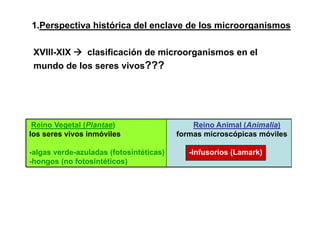 1.Perspectiva histórica del enclave de los microorganismos

 XVIII-XIX  clasificación de microorganismos en el
 mundo de los seres vivos???




 Reino Vegetal (Plantae)                     Reino Animal (Animalia)
los seres vivos inmóviles                formas microscópicas móviles

-algas verde-azuladas (fotosintéticas)      -Infusorios (Lamark)
-hongos (no fotosintéticos)
     g (                   )
 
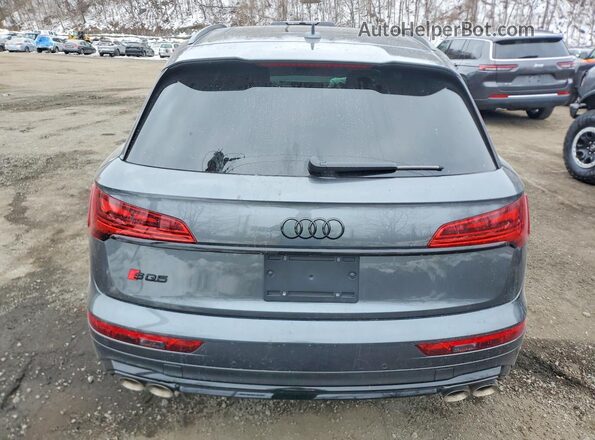 WA1B4AFY2S2056748 2025 AUDI SQ5 Gray Widok z tyłu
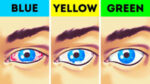 What Color Is The Easiest On The Eyes?
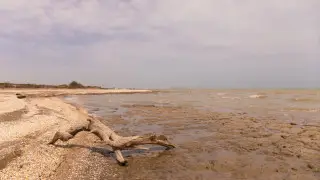 Scientist assesses the risk of the Caspian Sea disappearing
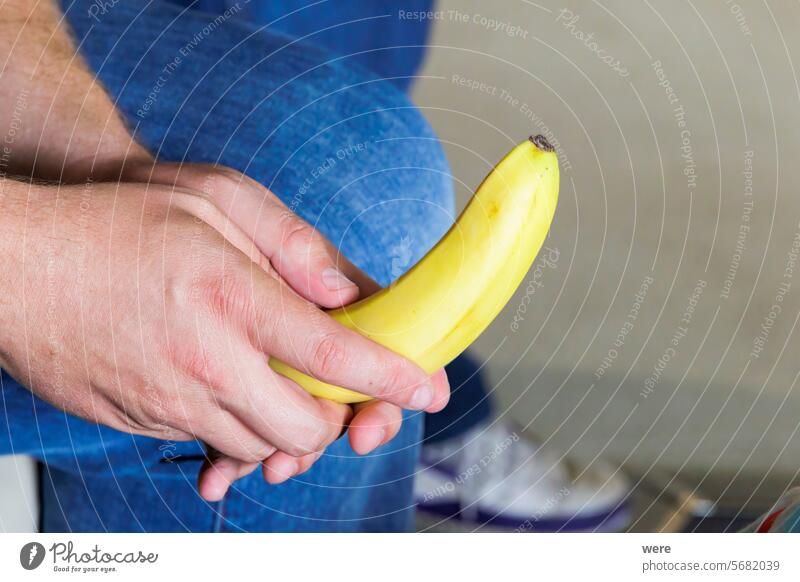 Male hand of Caucasian man holding unpeeled banana between legs caucasian curved eat food fruit healthy male tropical yellow organic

━━━━━━━━━━

* [Description of the task]
Output exactly the lines from the line with "mundo de los seres vivos???" to the last line of the records, including both, and leave every picture out.

* [Output of the exercise]
 mundo de los seres vivos???




 Reino Vegetal (Plantae)                     Reino Animal (Animalia)
los seres vivos inmóviles                formas microscópicas móviles

-algas verde-azuladas (fotosintéticas)      -Infusorios (Lamark)
-hongos (no fotosintéticos)
     g (                   )
 
 WA1B4AFY2S2056748 2025 AUDI SQ5 Gray Widok z tyłu
 What Color Is The Easiest On The Eyes?
 Scientist assesses the risk of the Caspian Sea disappearing
 Male hand of Caucasian man holding unpeeled banana between legs caucasian curved eat food fruit healthy male tropical yellow organic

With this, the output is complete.